- _The data_:

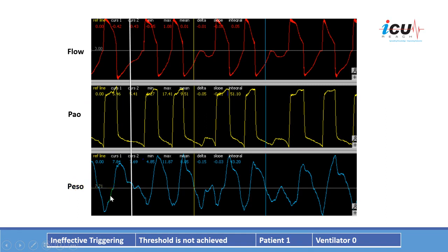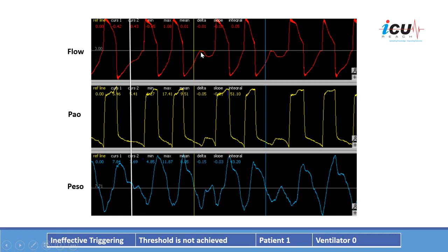You can see that every drop in esophageal pressure results in a ventilator breath — there is a drop here, and a ventilator breath here, and similarly in this one. However, in this case, there is a drop in esophageal pressure indicating that the patient has effort, but this effort was not effective in triggering the ventilator breath. You can see the drop in pressure and the rise in flow, but it did not trigger a ventilator breath.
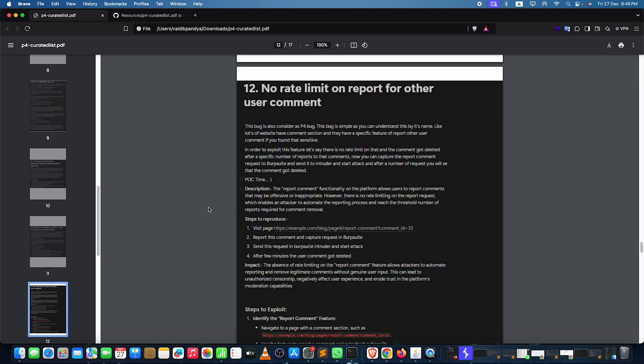Capture any request of comments or verification and send it to Burp Suite. Click on Intruder and start the attack. If you're able to perform the same action more than 75 times, that's a certified no-rate-limit issue.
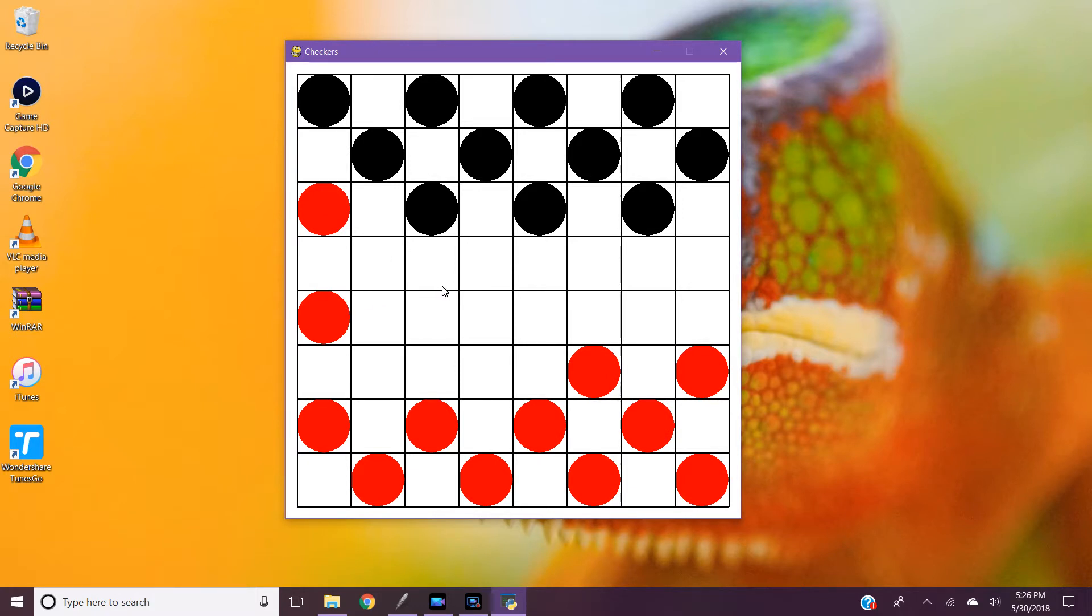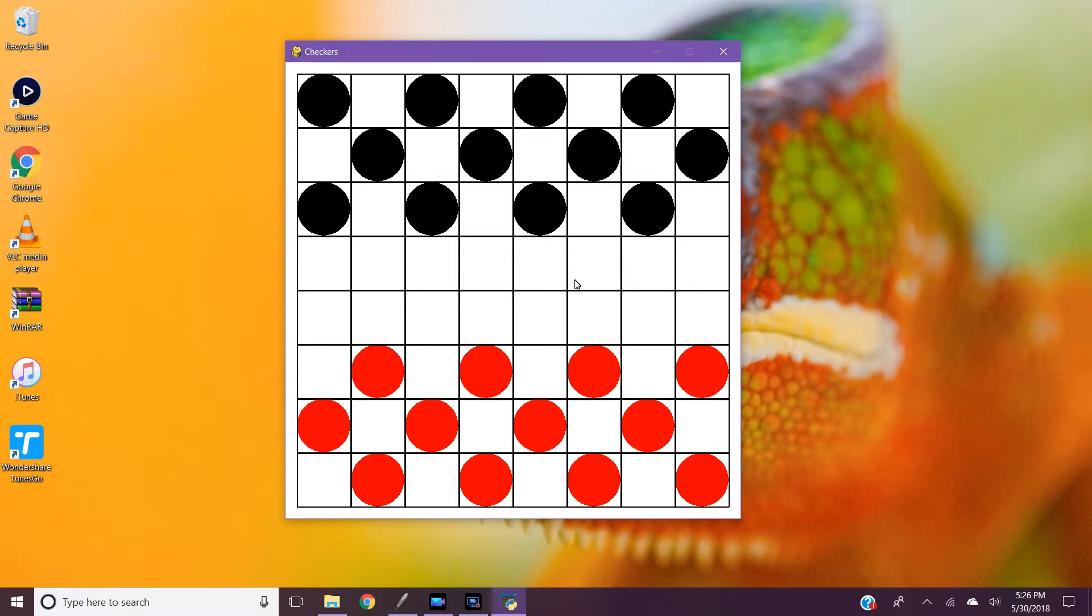To win you have to jump all of the pieces and then you'll be prompted with a screen that asks you if you want to restart. You can actually press R anytime to restart and it will load the board again.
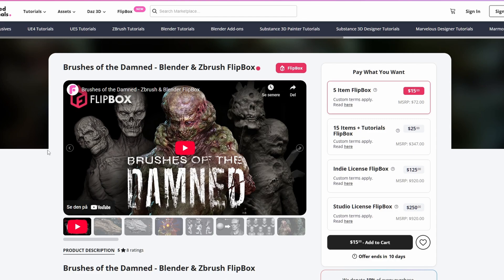Hi, I'm Henning from Flipmoments.com and in today's tutorial you are going to learn how to install the brushes of the damned for ZBrush and Blender Flip Box.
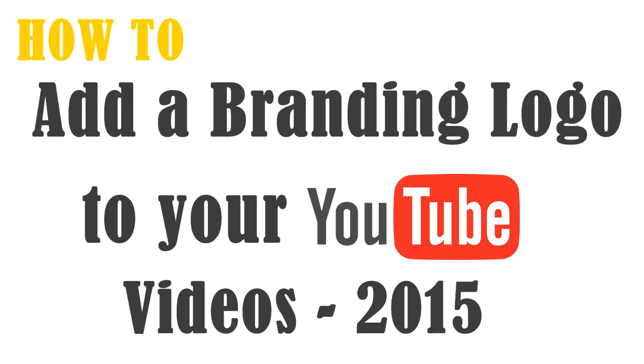Hello everyone, it's Sriram here. Today I will show you how to add a branding logo watermark to your YouTube videos.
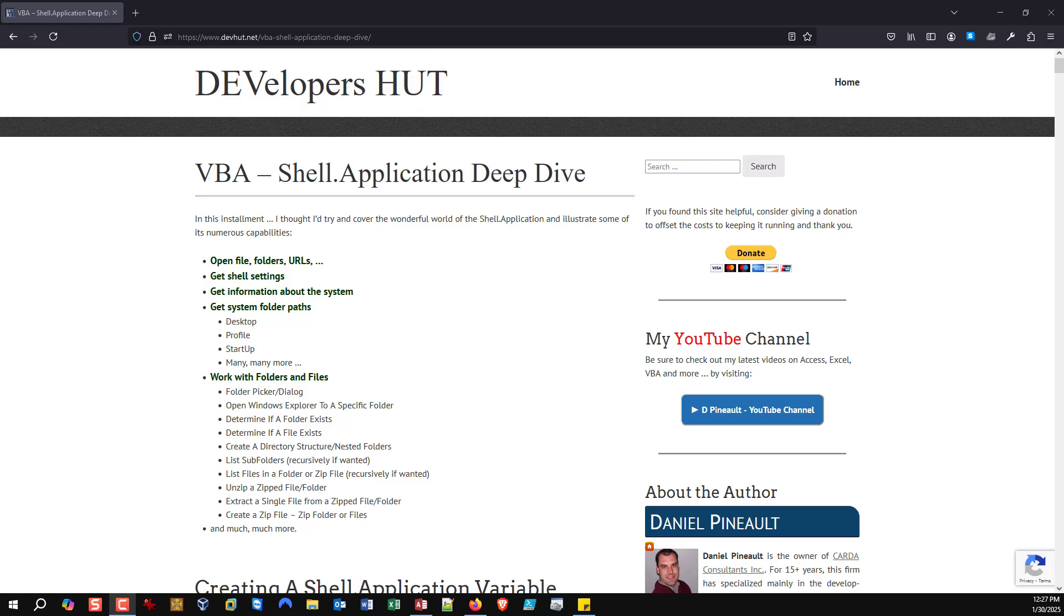Hi there and welcome to my YouTube channel. In today's video, we're going to explore how we can use the shell application object to create zip files or update a zip file.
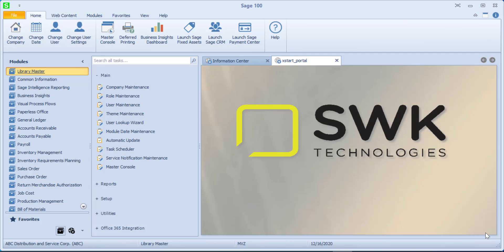Welcome to SWK's video series on Sage 100. This video is going to show you how to set up a new company in Sage and the basics for the General Ledger module.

- _What is being asked_:
Retype the entire listing exactly as it appears, dropping only the pictures.

- _Answer below_:
You can see that every drop in esophageal pressure results in a ventilator breath — there is a drop here, and a ventilator breath here, and similarly in this one. However, in this case, there is a drop in esophageal pressure indicating that the patient has effort, but this effort was not effective in triggering the ventilator breath. You can see the drop in pressure and the rise in flow, but it did not trigger a ventilator breath.
Capture any request of comments or verification and send it to Burp Suite. Click on Intruder and start the attack. If you're able to perform the same action more than 75 times, that's a certified no-rate-limit issue.
To win you have to jump all of the pieces and then you'll be prompted with a screen that asks you if you want to restart. You can actually press R anytime to restart and it will load the board again.
Hi, I'm Henning from Flipmoments.com and in today's tutorial you are going to learn how to install the brushes of the damned for ZBrush and Blender Flip Box.
Hello everyone, it's Sriram here. Today I will show you how to add a branding logo watermark to your YouTube videos.
Hi there and welcome to my YouTube channel. In today's video, we're going to explore how we can use the shell application object to create zip files or update a zip file.
Welcome to SWK's video series on Sage 100. This video is going to show you how to set up a new company in Sage and the basics for the General Ledger module.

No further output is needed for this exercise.